Allowing students to use technology during class introduces a new set of challenges and demands new assessment methods. In order to analyze students’ level of understanding while using models, graphs, and sensors as they investigate scientific content, the technology must have a rich set of assessment tools to track and archive student findings. Having a real-time pulse on student progress is fundamental to determining student learning and can help the teacher modify instruction. Our Snapshot tool is embedded in probe and model-based science activities to allow students to record their findings throughout an activity. This tool provides a powerful way to assess student understanding.


Figure 2. A student annotates
her screenshot by describing
what she did or what she sees.

First developed in Molecular Workbench3, the Snapshot tool permits students to capture their progress while manipulating a computational model of molecular phenomena (figure 1). Students can also annotate their snapshots by labeling and identifying significant features of the model (figure 2). By taking and annotating these pictures, students focus on the key features of a sequence of events, looking at cause-and-effect and effectively slowing down a simulation into discrete steps.

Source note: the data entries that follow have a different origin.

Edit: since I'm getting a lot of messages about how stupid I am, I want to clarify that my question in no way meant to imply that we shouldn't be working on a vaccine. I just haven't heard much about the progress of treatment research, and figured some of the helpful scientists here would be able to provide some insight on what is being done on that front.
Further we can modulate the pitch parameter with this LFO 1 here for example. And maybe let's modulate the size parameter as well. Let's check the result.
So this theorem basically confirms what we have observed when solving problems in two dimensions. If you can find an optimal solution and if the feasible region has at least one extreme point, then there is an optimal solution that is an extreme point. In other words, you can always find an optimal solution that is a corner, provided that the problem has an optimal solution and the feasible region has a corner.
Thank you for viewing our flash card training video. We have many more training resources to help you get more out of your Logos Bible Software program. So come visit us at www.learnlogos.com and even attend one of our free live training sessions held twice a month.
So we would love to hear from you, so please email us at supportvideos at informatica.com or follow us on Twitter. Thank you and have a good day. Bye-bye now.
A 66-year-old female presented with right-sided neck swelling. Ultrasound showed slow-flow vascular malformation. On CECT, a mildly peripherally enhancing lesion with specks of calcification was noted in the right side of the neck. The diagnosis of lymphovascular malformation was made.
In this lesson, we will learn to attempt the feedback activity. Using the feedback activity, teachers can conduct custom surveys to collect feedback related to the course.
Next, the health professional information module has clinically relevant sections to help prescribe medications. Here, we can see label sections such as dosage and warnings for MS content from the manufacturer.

Student snapshots are automatically added to a Snapshot Gallery, which can be uploaded and sent to the teacher (figure 3).

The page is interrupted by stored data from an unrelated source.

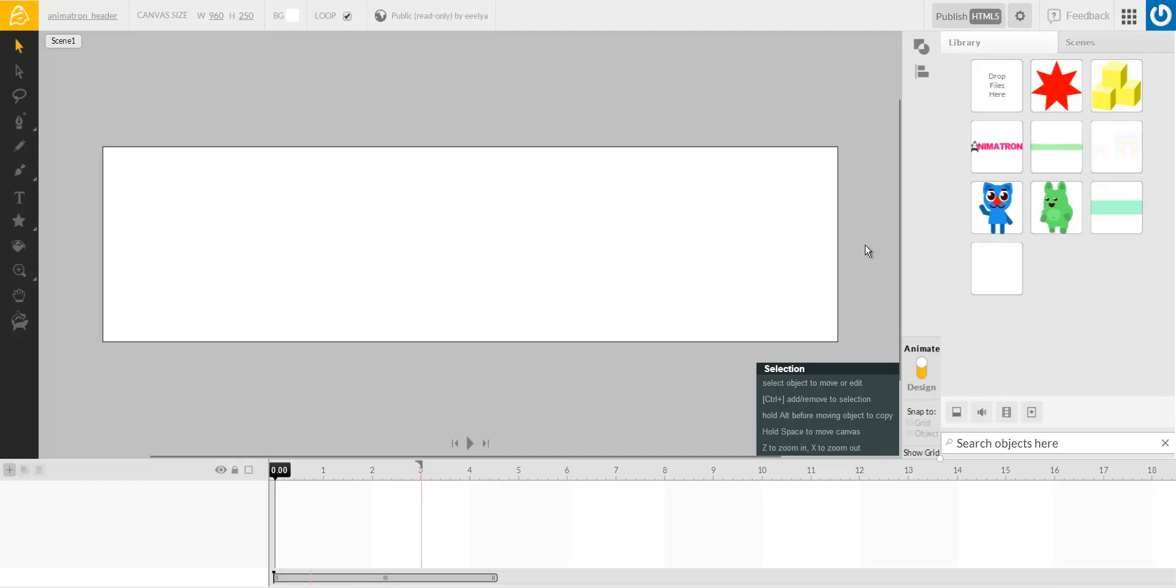Hello. This is a tutorial in which we're going to create a header or a banner for a website.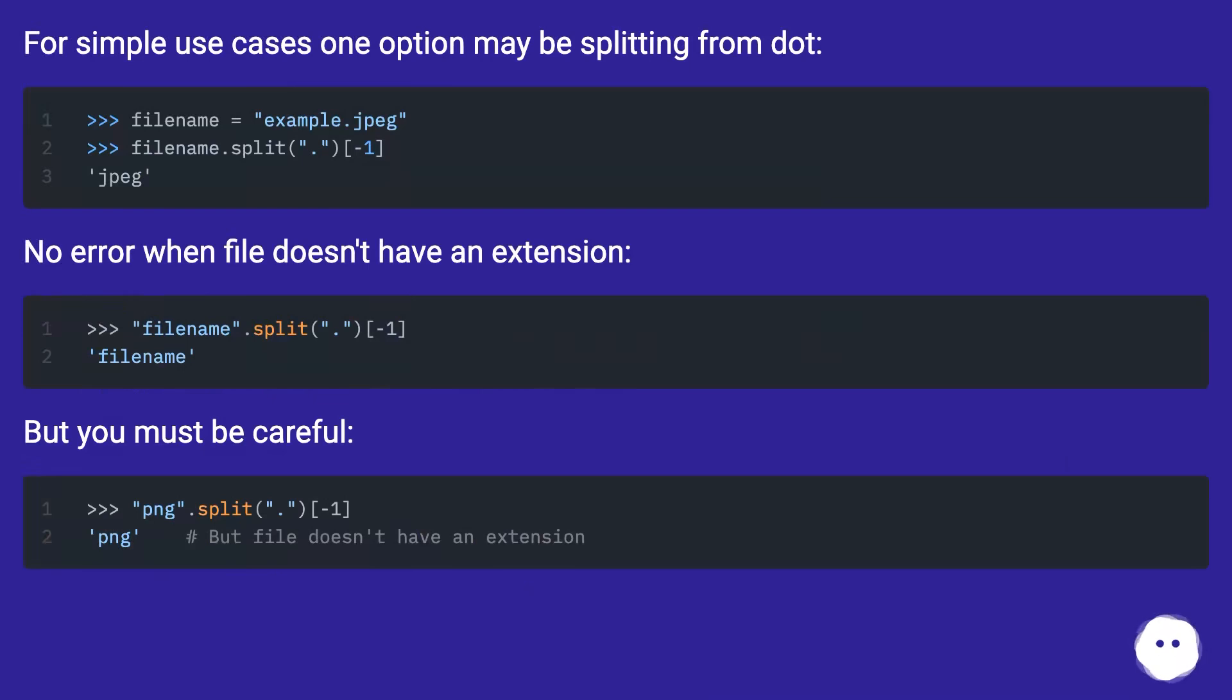No error when file doesn't have an extension, but you must be careful.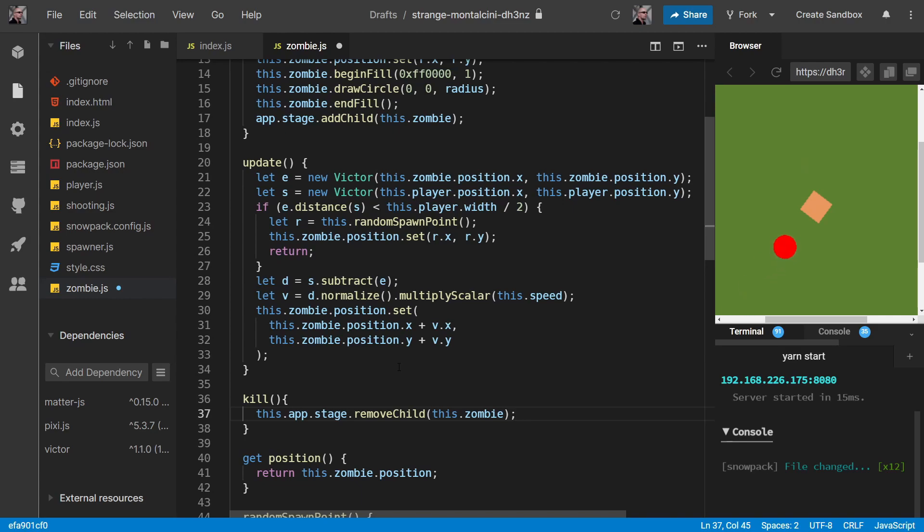Although this is just a simple one-liner for kill, and we could definitely just put that directly into index.js, probably the kill method is going to get more complex as we add sprites and things. So it's good to have the kill method for when things get a little bit more complicated.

Taking snapshots of probe data

Snapshots are not only powerful in mapping student learning with models, but also for determining how students interpret graphs during real-time data collection. In our Information Technology in Science Instruction4 (ITSI) activities, students use snapshots to capture their work with probeware.


Figure 3. Snapshot Gallery showing
thumbnails of each snapshot
taken by the student.

Having students document their work provides a chance for students to begin the process of defending and refining their work to present to their peers and teacher. While collecting data with a probe, the student should retest and refine her experimental procedure by performing a series of collections. This continuing process of review and modification is important and minimizes the influence of individual bias by requiring that experimental results be reproducible. In other words, students do science as real scientists.


Figure 4. In “Heating by Hitting,” students
measure the energy (as heat)
after a weight collides with a lump of clay.

In one ITSI activity, “Heating by Hitting,,” students study how energy is conserved during a collision. Students embed a fast-response temperature sensor into a lump of clay and use a weight to smash into the clay (figure 4).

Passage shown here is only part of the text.